Begin at the first line below and copy each line exactly, ending with the line where "of 1:100 Immunohistochemistry" appears.

----------

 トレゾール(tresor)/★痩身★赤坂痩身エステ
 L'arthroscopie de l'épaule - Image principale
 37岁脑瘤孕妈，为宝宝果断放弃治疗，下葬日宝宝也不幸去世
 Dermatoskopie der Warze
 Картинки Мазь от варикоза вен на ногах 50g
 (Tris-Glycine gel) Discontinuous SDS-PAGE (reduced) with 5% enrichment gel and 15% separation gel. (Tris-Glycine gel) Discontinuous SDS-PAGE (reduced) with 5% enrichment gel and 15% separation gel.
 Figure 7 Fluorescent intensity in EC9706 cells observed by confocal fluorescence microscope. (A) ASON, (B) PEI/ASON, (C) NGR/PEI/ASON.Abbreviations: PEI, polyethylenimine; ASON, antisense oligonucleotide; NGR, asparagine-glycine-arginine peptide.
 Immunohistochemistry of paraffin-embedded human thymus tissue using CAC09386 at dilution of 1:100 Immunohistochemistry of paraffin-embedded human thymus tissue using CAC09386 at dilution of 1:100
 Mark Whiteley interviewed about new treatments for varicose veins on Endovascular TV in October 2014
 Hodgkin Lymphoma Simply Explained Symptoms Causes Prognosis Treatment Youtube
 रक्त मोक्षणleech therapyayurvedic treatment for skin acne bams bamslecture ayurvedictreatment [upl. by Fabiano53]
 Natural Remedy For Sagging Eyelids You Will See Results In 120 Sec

----------

■ **Task result**
 トレゾール(tresor)/★痩身★赤坂痩身エステ
 L'arthroscopie de l'épaule - Image principale
 37岁脑瘤孕妈，为宝宝果断放弃治疗，下葬日宝宝也不幸去世
 Dermatoskopie der Warze
 Картинки Мазь от варикоза вен на ногах 50g
 (Tris-Glycine gel) Discontinuous SDS-PAGE (reduced) with 5% enrichment gel and 15% separation gel. (Tris-Glycine gel) Discontinuous SDS-PAGE (reduced) with 5% enrichment gel and 15% separation gel.
 Figure 7 Fluorescent intensity in EC9706 cells observed by confocal fluorescence microscope. (A) ASON, (B) PEI/ASON, (C) NGR/PEI/ASON.Abbreviations: PEI, polyethylenimine; ASON, antisense oligonucleotide; NGR, asparagine-glycine-arginine peptide.
 Immunohistochemistry of paraffin-embedded human thymus tissue using CAC09386 at dilution of 1:100 Immunohistochemistry of paraffin-embedded human thymus tissue using CAC09386 at dilution of 1:100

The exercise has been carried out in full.